College of Information Engineering, Qingdao University, Qingdao, China.
Comput Med Imaging Graph. 2010 Apr;34(3):179-84. doi: 10.1016/j.compmedimag.2009.08.009. Epub 2009 Oct 1.
The neuroanatomical morphology of the optic nerve is an important description for understanding different aspects like topological distribution of nerves. Manual identification and morphometry has been usually considered as tedious, time consuming, and susceptible to error. A method that automates the identification and analysis of axons from electron micrographic images is presented. First, using region growing approach binarizes the image by combining the feature information together with spatial information, and obtains a coarse classification between myelin and non-myelin pixels. Next, identifies the axon candidates by region labeling and remove false axons on the basis of the identification ruler. Then the connected myelin sheaths are separated from each other using the maximum gradient magnitude of the outer annulus. Finally, analyses the morphological data of fibers.

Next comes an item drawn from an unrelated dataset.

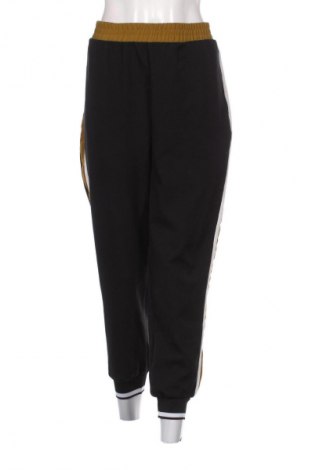 Damskie spodnie Zara, Rozmiar XL, Kolor Kolorowy, Cena 62,07 zł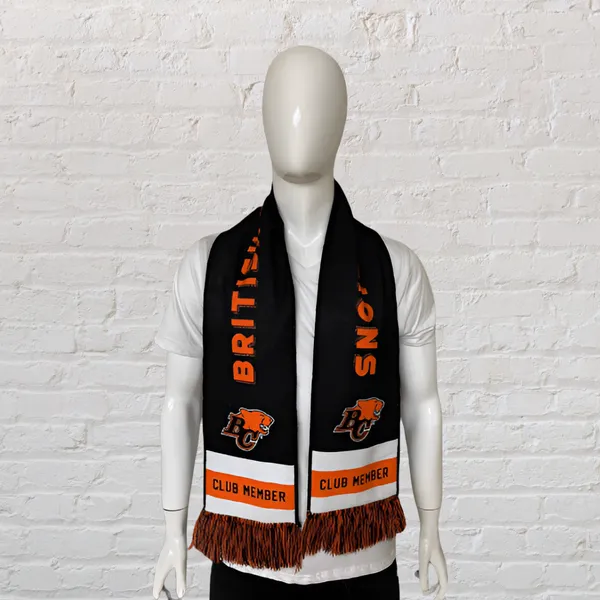 HD Woven Scarves 14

The developed method has been tested on a number of optic nerve images and results were presented. Regional distributions of axon caliber were unimodal. The thickness of the myelin sheath was highly correlated with the fiber diameter; hence, myelin sheath width was also distributed in a unimodal manner.
视神经的神经解剖形态是理解神经拓扑分布等不同方面的重要描述。手动识别和形态计量学通常被认为是繁琐、耗时且容易出错的。本文提出了一种自动识别和分析电子显微镜图像中轴突的方法。首先,使用区域生长方法通过组合特征信息和空间信息对图像进行二值化,在髓鞘和非髓鞘像素之间得到粗略的分类。接下来,通过区域标记识别轴突候选物,并根据识别标尺去除假轴突。然后,使用外环的最大梯度幅值将相互连接的髓鞘鞘分离。最后,分析纤维的形态数据。该方法已经在一些视神经图像上进行了测试,并给出了结果。轴突口径的区域分布呈单峰型。髓鞘厚度与纤维直径高度相关;因此,髓鞘宽度也呈单峰分布。